In 2018, a Starbucks (SBUX  ) employee reported two Black men to the police after the staff had denied the men access to the store's bathroom. In the midst of the fallout, Starbucks announced that it would be making its bathrooms available to all in an effort to combat racial discrimination. Now, Starbucks CEO Howard Schultz says that the chain may have to reverse that change due to safety concerns.

"We have to harden our stores and provide safety for our people," Schultz said at the New York Times DealBook D.C. policy forum. "I don't know if we can keep our bathrooms open."

When the open-access policy was first introduced in 2018, Schultz had said that the change was meant to stop any Starbucks visitor from feeling "as if we are not giving access to you to the bathroom because you are 'less than'."

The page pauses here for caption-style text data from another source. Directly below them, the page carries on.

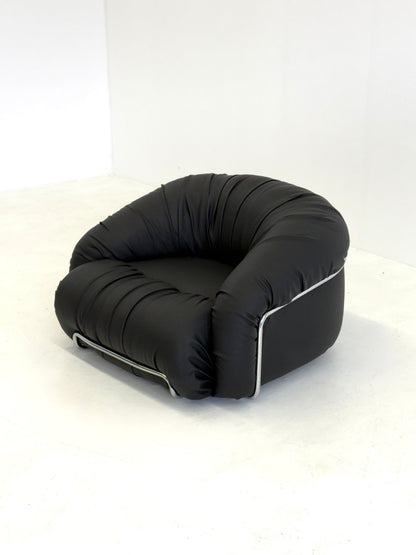 Italiaanse Space Age fauteuils in zwart
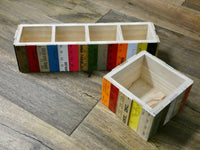 Square wooden Box repurposed vintage yard sticks, One of a Kind Gift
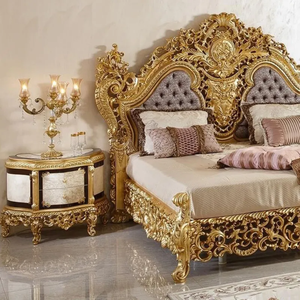 Juego de Dormitorio King Size de Lujo Real, Tallado a Mano en Madera de Caoba, Diseño Europeo Antiguo, con Armario, para Hotel y Uso Doméstico - Product Image 2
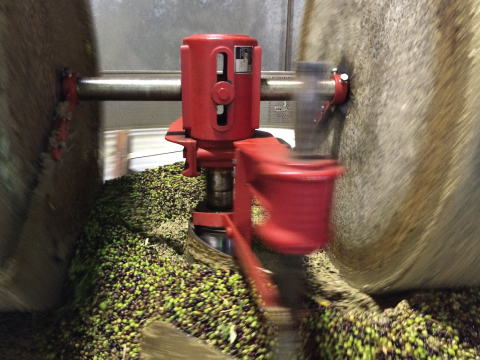 La Vida Bella Vineyard Making Olive Oil Stone Mill Close Up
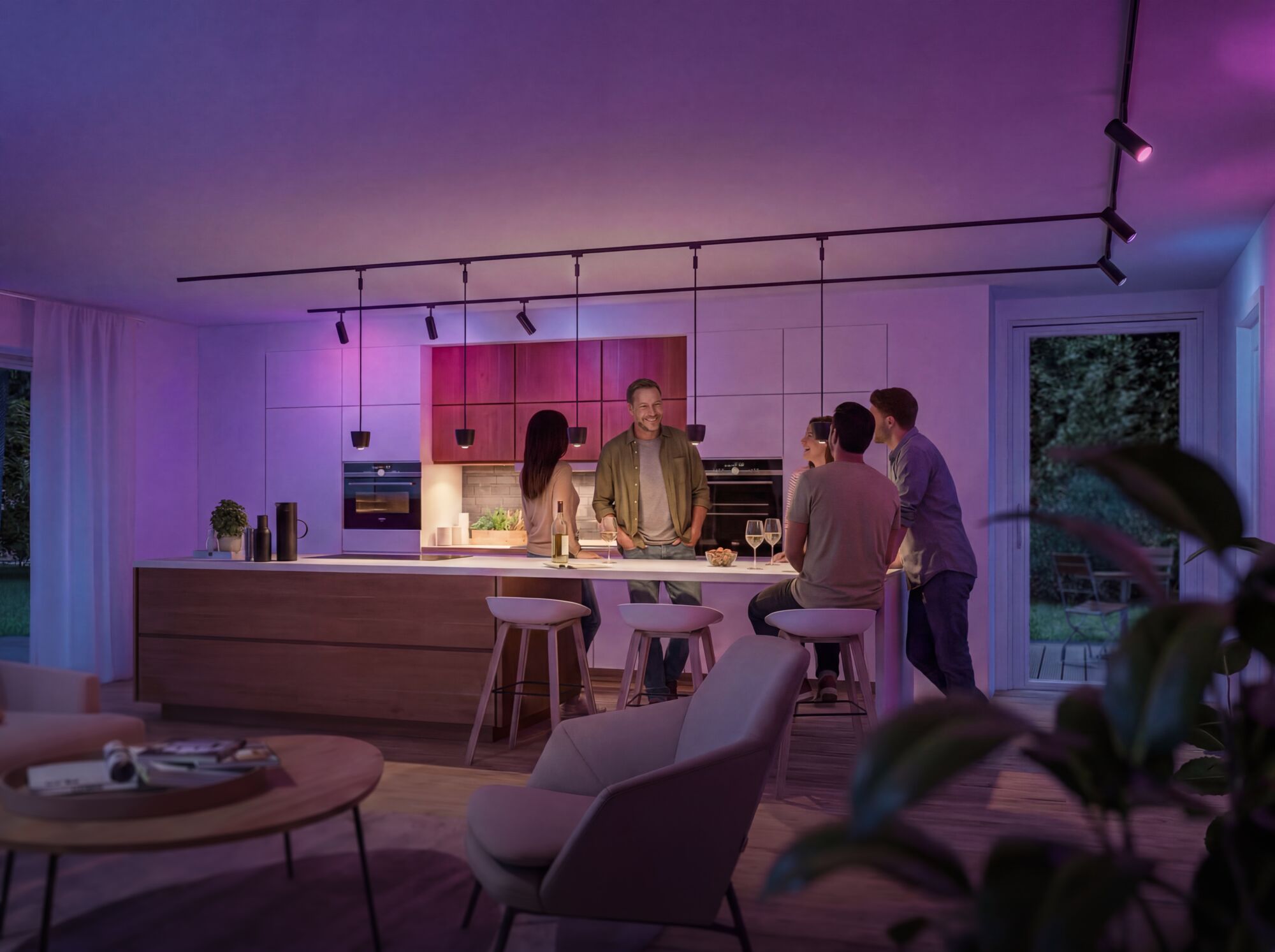 Modern kitchen with wooden cabinets and smart LED ceiling lights in warm and purple tones
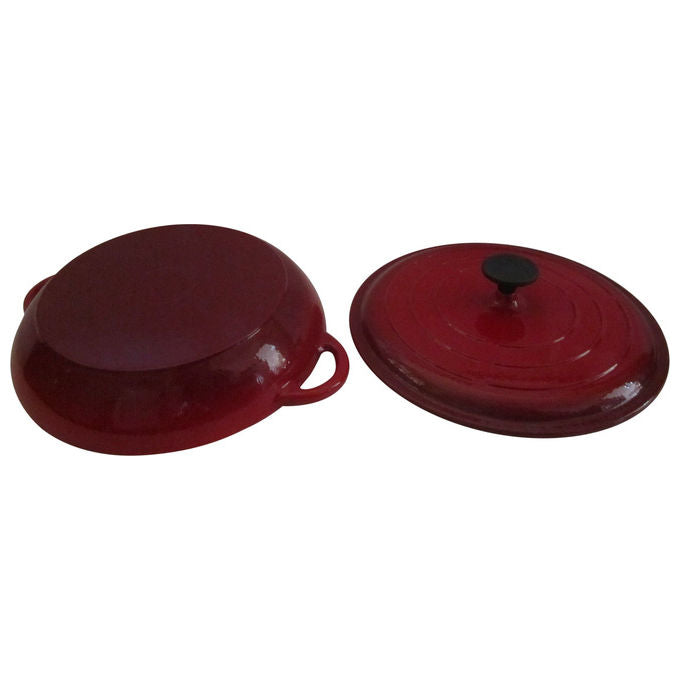 ILSA Tegame in Ghisa Smaltata Rosso con Coperchio Art. 404 Antiaderente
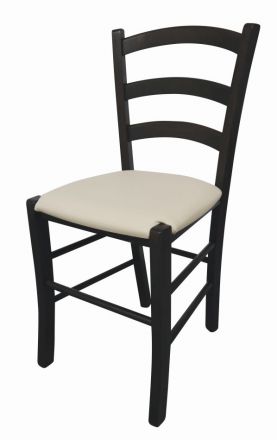 Chair Maridi 128, Colour: Wenge / Beige, beech part solid - Measurements: 86 x 43 x 43 cm (H x W x D)
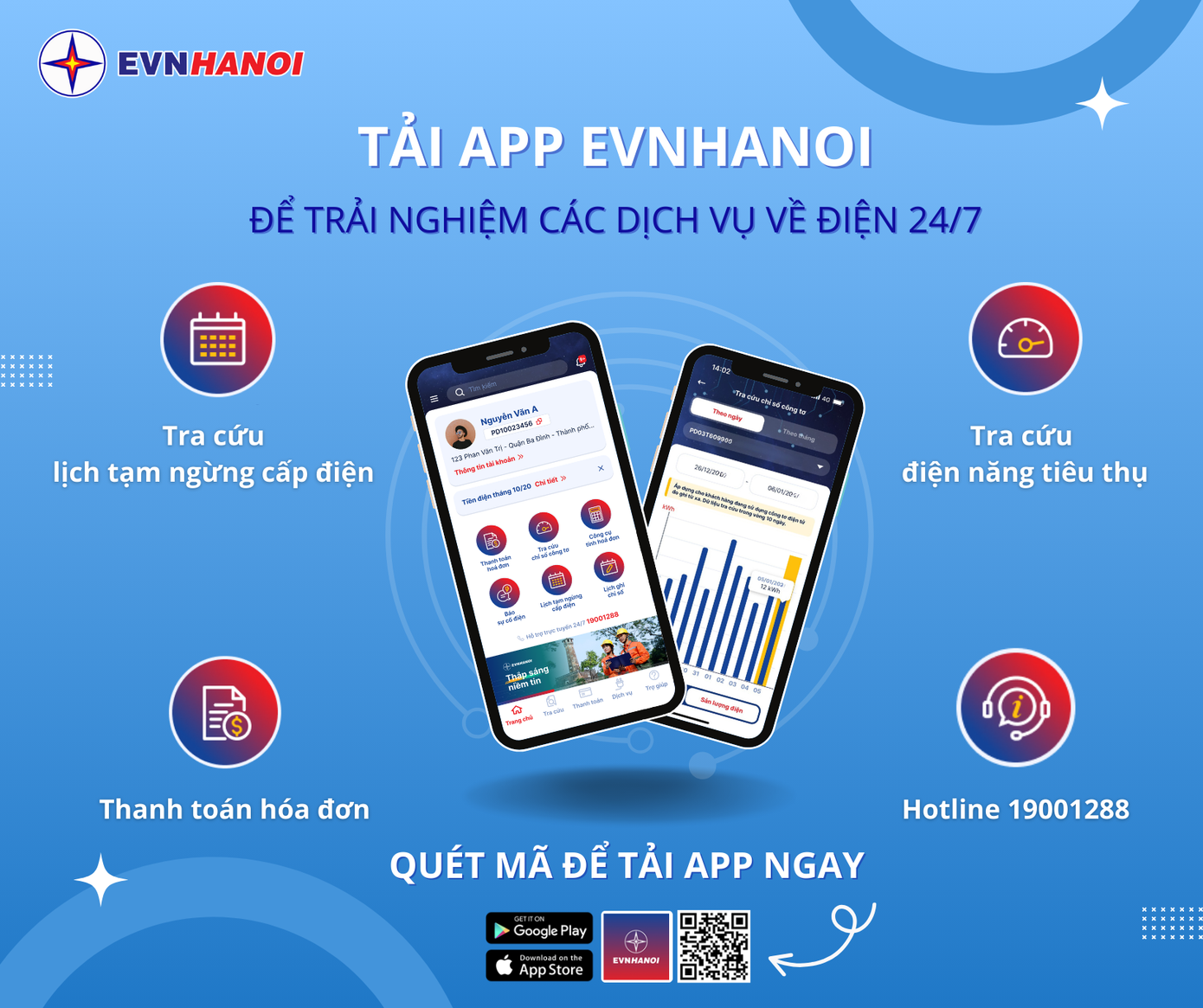 Tải App EVNHANOI để trải nghiệm dịch vụ 24/7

Schultz spent much of his time speaking about the increasing difficulties faced by Starbucks workers. In regards to the bathroom issue, Schultz said that growing mental health problems throughout the country are making it more difficult for Starbucks employees to manage the stores, and added that changes need to be made to limit the number of non-customers in Starbucks locations.

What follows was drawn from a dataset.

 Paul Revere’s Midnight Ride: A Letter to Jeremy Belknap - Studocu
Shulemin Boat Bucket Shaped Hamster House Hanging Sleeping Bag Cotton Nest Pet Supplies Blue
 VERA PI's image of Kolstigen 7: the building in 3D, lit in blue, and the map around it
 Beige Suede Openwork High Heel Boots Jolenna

Along with difficulties on the job, Schultz also spoke about the social and economic issues affecting Starbucks workers, and the changes affecting corporate responsibility today.

"There is a cultural and political change in regards to... the crisis of capitalism, the needs and requirements of the employee in a company today, the fact that,.. in many ways, the government has left people behind," Schultz said, "The role and responsibility of business is greater than ever before to provide our people with the proper wage, proper benefits, and a pathway to economic mobility."

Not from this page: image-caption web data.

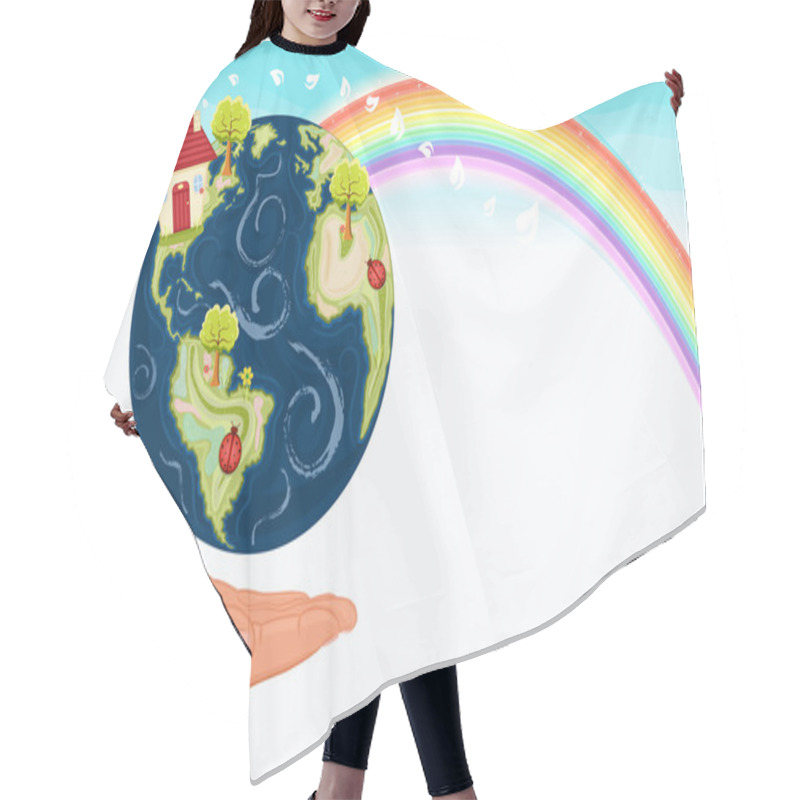 Personality  Save Our Green Planet Earth Hair Cutting Cape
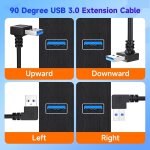 C�ble d'extension usb 3, 0 angle droit, c�ble de donn�es usb m�le � femelle de 30cm, adaptateur usb � ...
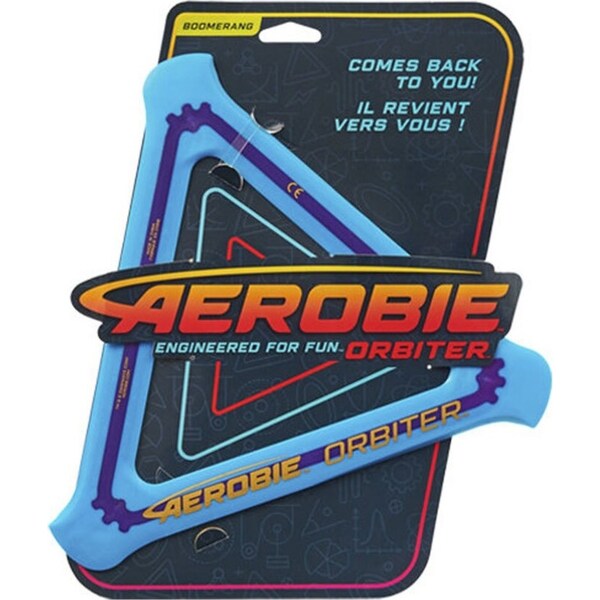 Aerobie Orbiter Boomerang Kids Flying Disc Outdoor Fun Play Toy Blue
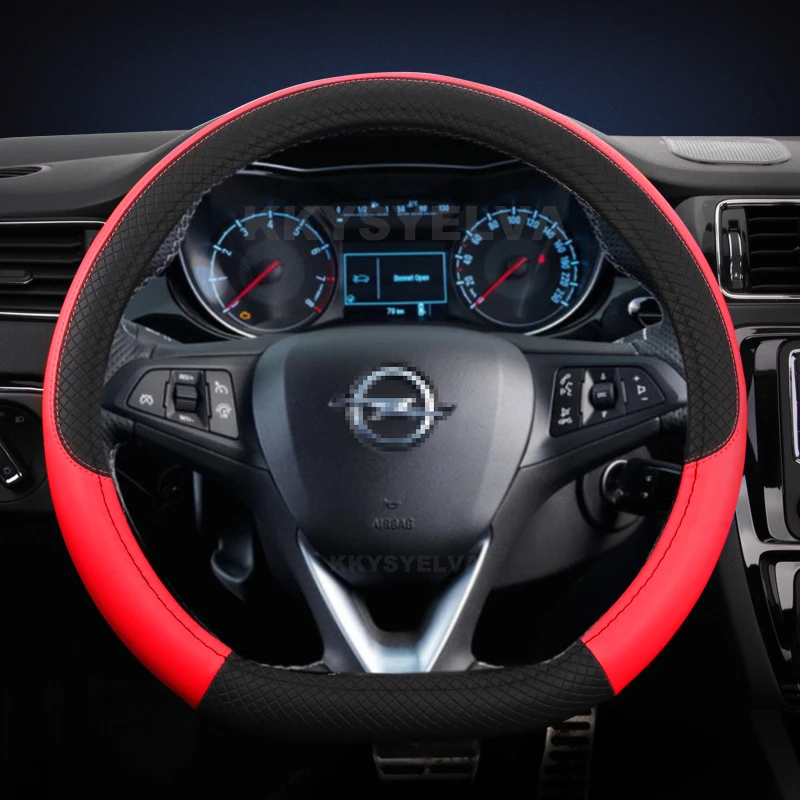 Car Steering Wheel Cover D Shape Leather For Opel Astra 2015-2021 Corsa Combo Mokka 2018-2021 Grandland X Insignia CT 2017-2021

Shultz said that workers of today don't feel like they have access to the same economic mobility as Americans of the past. He added that Black and other racial minority workers especially face an uphill battle when it comes to improving their financial circumstances.

Schultz also commented on the current labor movement happening at well over 130 of the coffee chain's 9,000 U.S. locations, saying it's "personal". In defense of his current anti-union stance, Schultz said that "we need to talk about" the supposed fact that the intended purpose of unions during the mid-1900s was to fight businesses that "abused their people".

"We're not in the coal mine business. We're not abusing our people. But the sweeping issue in the country is that businesses are not doing enough and the business is the enemy," Schultz said. "What's happening in America is much bigger than Starbucks. Starbucks, unfortunately, has been made a proxy of what is happening."

Shultz continued, "If a company as progressive as Starbucks, that has done so much,... can be threatened by a third party, that means that any company in America can."